I couldn’t wait to go on mat leave, I remember telling my hairdresser. I could get a funky haircut, dye it a funky colour and stop feeling so suburban.
My hairdresser reminded me of that comment last week, a year and a half later with no funky haircut or funky hair dye in between. A wistful smile crossed my face, and then I laughed.
“No,” I said, “I’ve come to terms with being a soccer mom.
It’s true: I own a house in a post-war suburb, drive a four door hatchback, and take our daughter on walks in her jogging stroller around the retention ponds while discussing whether we’d be better served by purchasing a van or SUV. No amount of neon blue under cuts are going to make me any less suburban.
And I’ve accepted it. I hear a lot of bad press about suburbs from people around my demographic. It could be due to the fact I work in a downtown location that is surrounded by some of the trendier neighbourhoods in the city. Sure, we considered living in more urban area. But I grew up in a small town.
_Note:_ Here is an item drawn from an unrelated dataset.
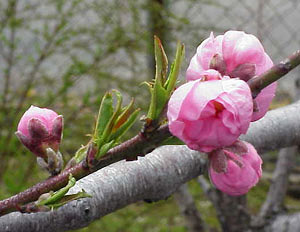 桃の花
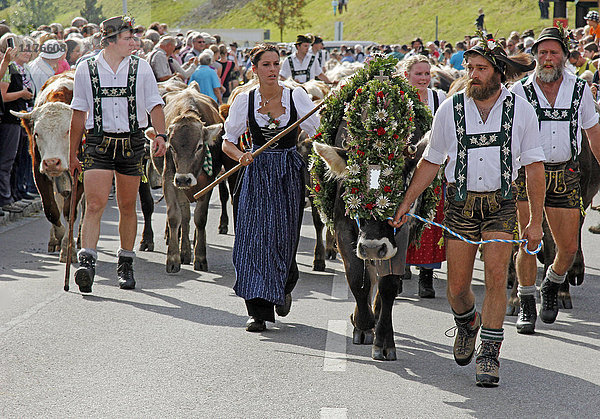 Viehscheid  Jährlicher Viehabtrieb von der Alm ins Tal  Obermaiselstein  Bayern  Deutschland  Europa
I walked to school, to the grocery store, I biked for miles and miles unsupervised. While I couldn’t bring myself to move back to a small town, the next closest thing I can offer is a suburb. Little C can walk to school. She can walk to the grocery store. She may not be able to bike for miles unsupervised but I’m sure my parents wouldn’t be thrilled to know how far down the highway I would bike before trespassing to wade into streams.
It’s true — there is very little that distinguishes our neighbourhood from other post-war neighbourhood. And yes, sometimes I get an “Edward Scissorhands” feeling from it (you know, before Eddie comes along to add some whimsy). But it’s clean. It’s safe. And it’s where we live, and so it’s home.